Comparing frequencies

#1
I have two columns of word frequencies. Column A has 49 items (and each item's relative frequency value), and column B as 40 items. The values, for example, are like 12.83, 11.02 etc. The values are calculated by frequency relative to text length (so, the "frequencies" may not be actual frequencies so much as they are values.)

The first item is the highest value, the second item is the 2nd highest value etc. And the values form a curve.
Each column, therefore, has values that form a curve.
The first curve is much steeper than the second curve ... but how do I show that the steepness of the first curve is statistically significantly different from the steepness of the second curve?

Many thanks for any help!
 

Karabiner

TS Contributor
#2
You have 89 cases (items), each has 3 characteristics: which group it belongs to (A vs. B), its frequency value, and its rank within its group.
You could perform a linear regression, regressing frequency value on rank, group and the rank*group interaction. The interaction will tell you whether the steepness of the regression line is different between groups A and B.

With kind regards

Karabiner
 
#3
Thanks for the reply ... my issue though is that it's clearly a curve ... doesn't that mean that a linear regression is not an option?
 

Karabiner

TS Contributor
#4
So you could search for a function which resembles the shape you observed. Something like rank^2 or log (rank) as predictors. Or maybe it is a nonlinear regression like e^rank.

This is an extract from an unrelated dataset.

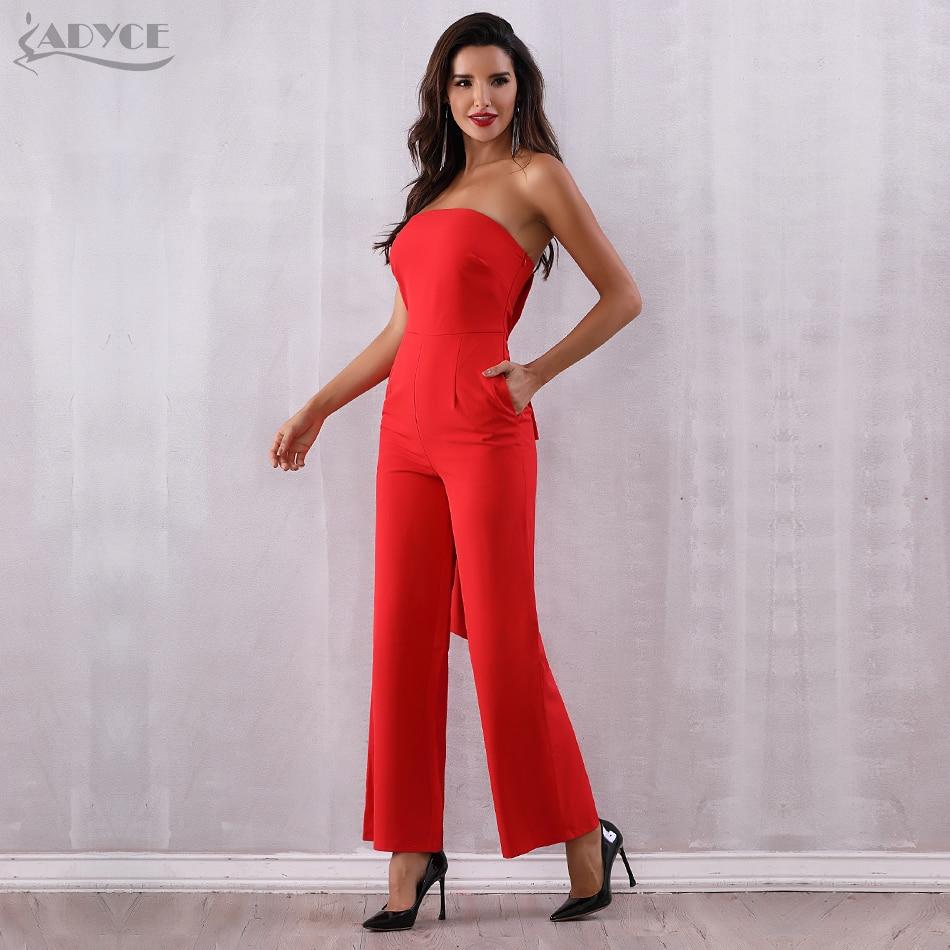 ADYCE Vestidos Elegant Strapless Bow Sexy Red Celebrity Rompers Jumpsuit - Y2743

Keep in mind that all this is just like playing around for fun, since your hypothesis and your model are being set up post-hoc, they are tailored to the peculiarities of your sample data, and p-values will not be seriously interpretable.

With kind regards

Karabiner
 
#5
Agreed - it's post hoc. But it would be a method I would then be able to use for future analyses.

So, let's say I have a function that resembles my shape. Indeed, I would have two of them. This brings me back tot he question; how do I compare them?

As of now, this is what I do.
I compare the highest value for column A with the highest value of column B - and note the "winner."
I repeat this for each point, noting the winner each time.
I then use Fisher's Exact to asses the number of winners for Column X (given the number of chances Column X had to be a winner).
And this works just fine when there are the same number of items in each column.
Yes, this approach doesn't take into account the size of the difference between points, but in my data sets, the first point difference will always be extremely large, the second much less so, and after about five points, the differences are very small indeed. So if I do take into account the "size of the difference" then I'm giving too much power to the first point. For this reason, I feel the Fisher's Exact approach has some merit. Some "conservative" merit (and obviously some weaknesses).

I'd appreciate your continued thoughts ...

And I really do appreciate your input.